- Born: China
- Education: Peking University (BS, MS) Massachusetts Institute of Technology (PhD)
- Known for: p-adic Hodge theory; Relative p-adic Hodge theory; p-adic Riemann-Hilbert correspondence;
- Awards: IMO Gold Medal (1999); National Science Fund for Distinguished Young Scholars (2017); Tencent Xplorer Prize (2019); China Youth Science and Technology Award (2020); Ramanujan Prize (2024);
- Scientific career
- Fields: Mathematics
- Workplaces: Peking University; University of Michigan;
- Thesis: On the slope filtration of phi-modules over the Robba ring (2008)
- Doctoral advisor: Kiran Sridhara Kedlaya

= Ruochuan Liu =

Chinese mathematician specializing in number theory

Ruochuan Liu (刘若川 (Liú Ruòchuān)) is a Chinese mathematician and a Boya Distinguished Professor at Peking University, specialising in number theory and arithmetic geometry. He is best known for his fundamental contributions to p-adic Hodge theory, for which he was awarded the 2024 ICTP Ramanujan Prize.

== Education and early life ==
Liu first gained international recognition by winning a gold medal for China at the 1999 International Mathematical Olympiad. He attended Peking University, where he completed his bachelor's and master's degrees in mathematics. Liu then pursued his doctoral studies at the Massachusetts Institute of Technology (MIT), earning his PhD in 2008 under the supervision of Kiran Sridhara Kedlaya.

== Career ==
After completing his PhD, Liu held a postdoctoral position at the University of Michigan. He later returned to China, joining the faculty at the School of Mathematical Sciences at Peking University, where he now serves as Vice Dean and a Boya Distinguished Professor.

== Research ==
Liu's research focuses on the intersection of number theory and arithmetic geometry, with a particular emphasis on p-adic methods.
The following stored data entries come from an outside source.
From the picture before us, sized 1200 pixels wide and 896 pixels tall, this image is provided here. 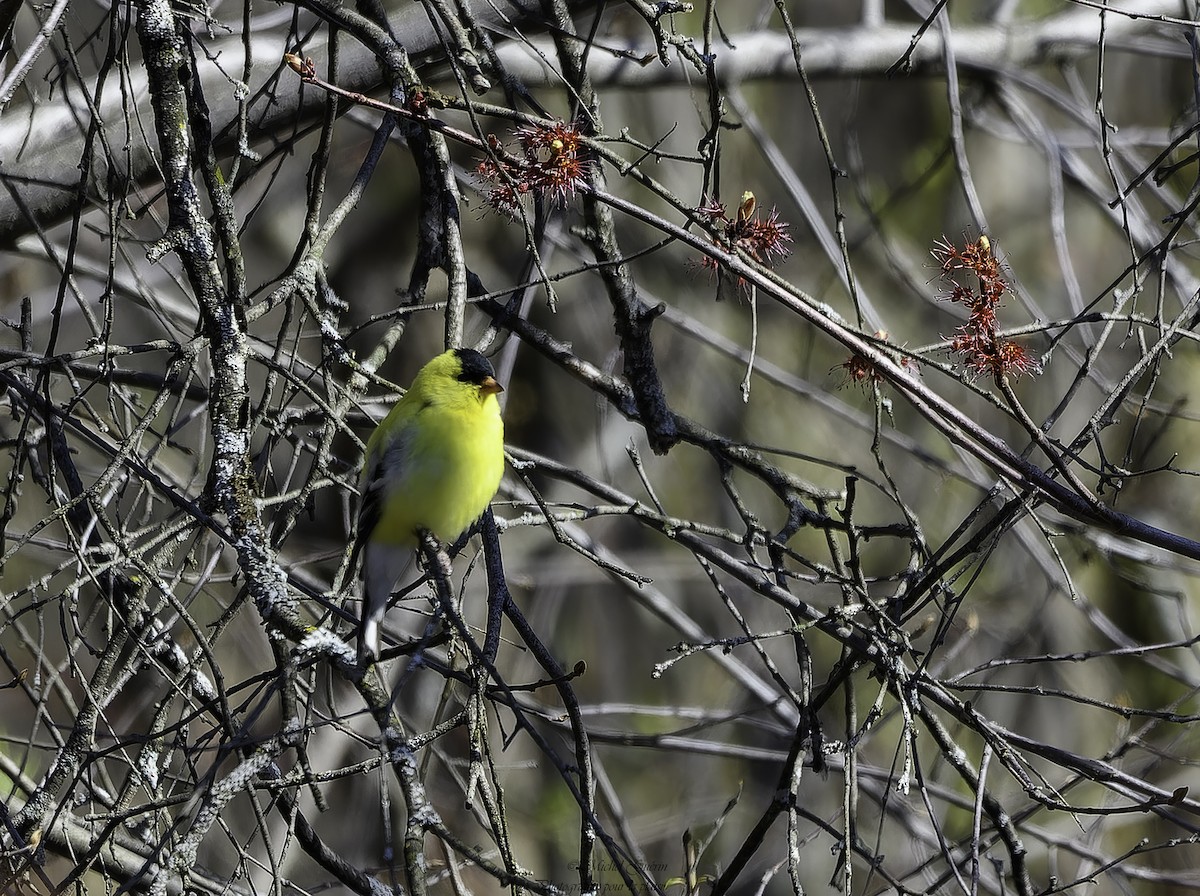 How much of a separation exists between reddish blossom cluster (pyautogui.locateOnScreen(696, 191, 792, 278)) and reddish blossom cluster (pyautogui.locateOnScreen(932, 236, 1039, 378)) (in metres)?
0.42

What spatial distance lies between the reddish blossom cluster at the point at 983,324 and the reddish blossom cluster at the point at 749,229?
42 centimetres

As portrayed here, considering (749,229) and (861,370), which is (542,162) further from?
(861,370)

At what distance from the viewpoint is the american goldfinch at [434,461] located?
318 centimetres

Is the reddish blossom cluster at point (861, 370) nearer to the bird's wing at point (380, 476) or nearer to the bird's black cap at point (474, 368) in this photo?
the bird's black cap at point (474, 368)

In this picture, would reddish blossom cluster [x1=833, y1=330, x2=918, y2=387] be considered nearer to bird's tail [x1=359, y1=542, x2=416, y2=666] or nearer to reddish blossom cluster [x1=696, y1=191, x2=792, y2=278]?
reddish blossom cluster [x1=696, y1=191, x2=792, y2=278]

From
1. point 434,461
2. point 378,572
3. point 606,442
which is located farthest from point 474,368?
point 606,442

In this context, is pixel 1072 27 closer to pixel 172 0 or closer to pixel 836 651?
pixel 172 0

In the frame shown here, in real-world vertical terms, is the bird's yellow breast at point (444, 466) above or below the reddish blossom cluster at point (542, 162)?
below

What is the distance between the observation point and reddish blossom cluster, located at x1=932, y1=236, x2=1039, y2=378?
7.55 ft

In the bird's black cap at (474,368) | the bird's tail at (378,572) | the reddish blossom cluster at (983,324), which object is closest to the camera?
the reddish blossom cluster at (983,324)

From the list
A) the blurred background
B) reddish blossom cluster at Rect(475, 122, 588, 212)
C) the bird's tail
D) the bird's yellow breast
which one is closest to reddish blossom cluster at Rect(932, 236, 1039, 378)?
the blurred background

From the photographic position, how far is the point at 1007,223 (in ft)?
39.1

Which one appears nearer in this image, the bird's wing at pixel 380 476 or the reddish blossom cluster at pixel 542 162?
the reddish blossom cluster at pixel 542 162

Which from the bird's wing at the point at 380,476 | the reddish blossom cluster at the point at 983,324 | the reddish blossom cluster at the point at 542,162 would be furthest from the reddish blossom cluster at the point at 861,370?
the bird's wing at the point at 380,476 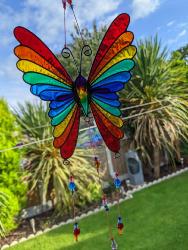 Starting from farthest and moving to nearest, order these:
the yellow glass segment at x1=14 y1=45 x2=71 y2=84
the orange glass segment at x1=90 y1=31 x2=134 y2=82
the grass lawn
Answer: the grass lawn, the orange glass segment at x1=90 y1=31 x2=134 y2=82, the yellow glass segment at x1=14 y1=45 x2=71 y2=84

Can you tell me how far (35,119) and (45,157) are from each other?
738mm

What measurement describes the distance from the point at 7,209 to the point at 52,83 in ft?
11.0

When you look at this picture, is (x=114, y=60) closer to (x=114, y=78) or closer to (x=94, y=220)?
(x=114, y=78)

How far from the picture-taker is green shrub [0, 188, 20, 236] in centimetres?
440

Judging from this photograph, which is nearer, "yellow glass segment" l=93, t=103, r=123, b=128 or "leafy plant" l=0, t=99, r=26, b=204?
"yellow glass segment" l=93, t=103, r=123, b=128

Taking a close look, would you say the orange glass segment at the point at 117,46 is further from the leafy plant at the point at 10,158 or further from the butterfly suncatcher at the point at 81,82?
the leafy plant at the point at 10,158

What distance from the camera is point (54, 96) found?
1.76 m

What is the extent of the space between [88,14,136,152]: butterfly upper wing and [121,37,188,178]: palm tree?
152 inches

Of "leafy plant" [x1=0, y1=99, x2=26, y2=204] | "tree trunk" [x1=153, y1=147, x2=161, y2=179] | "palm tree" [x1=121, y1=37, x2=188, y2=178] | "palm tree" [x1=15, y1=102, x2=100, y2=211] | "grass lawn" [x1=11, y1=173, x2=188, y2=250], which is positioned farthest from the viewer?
"tree trunk" [x1=153, y1=147, x2=161, y2=179]

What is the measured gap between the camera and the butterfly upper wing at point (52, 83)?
155 cm

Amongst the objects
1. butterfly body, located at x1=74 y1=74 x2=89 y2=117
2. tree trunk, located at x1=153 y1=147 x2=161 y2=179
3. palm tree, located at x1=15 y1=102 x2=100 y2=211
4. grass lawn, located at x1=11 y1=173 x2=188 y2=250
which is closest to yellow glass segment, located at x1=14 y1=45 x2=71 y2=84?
butterfly body, located at x1=74 y1=74 x2=89 y2=117

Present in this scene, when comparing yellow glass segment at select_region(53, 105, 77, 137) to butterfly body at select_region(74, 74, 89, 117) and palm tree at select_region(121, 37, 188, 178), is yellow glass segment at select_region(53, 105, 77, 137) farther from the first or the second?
palm tree at select_region(121, 37, 188, 178)

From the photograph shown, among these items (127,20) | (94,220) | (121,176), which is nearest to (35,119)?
(94,220)

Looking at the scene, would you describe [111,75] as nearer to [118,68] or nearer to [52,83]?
[118,68] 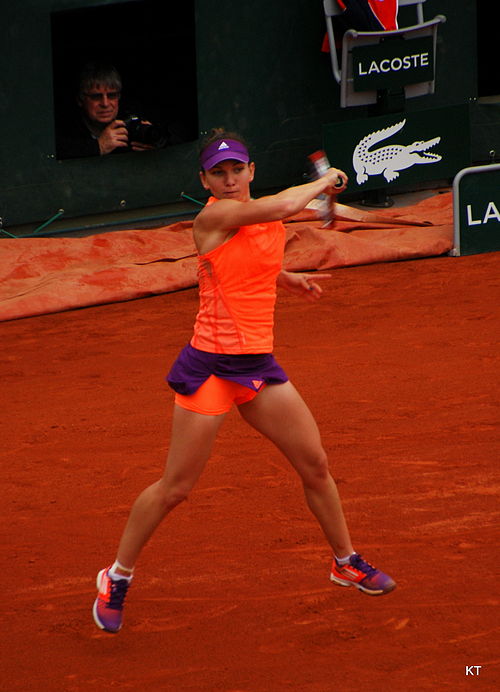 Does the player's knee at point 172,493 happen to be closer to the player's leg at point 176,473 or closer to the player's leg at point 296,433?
the player's leg at point 176,473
The citation for his Ramanujan Prize noted his "fundamental contributions to p-adic Hodge theory, especially his foundational study of relative p-adic Hodge theory and his remarkable work on rigidity and the Riemann-Hilbert correspondence for p-adic local systems." His work applies tools with geometric origins to solve problems in number theory and explores connections between p-adic geometry and algebraic topology.

== Awards and honours ==
Liu's research has been widely recognized with several awards.

- In 1999, he won a gold medal at the International Mathematical Olympiad.
- In 2017, he received the National Science Fund Award for Distinguished Young Scholars.
- In 2019, he was a recipient of the Tencent Xplorer Prize.
- In 2020, he received the China Youth Science and Technology Award.
- In 2024, he was awarded the ICTP Ramanujan Prize by the International Centre for Theoretical Physics.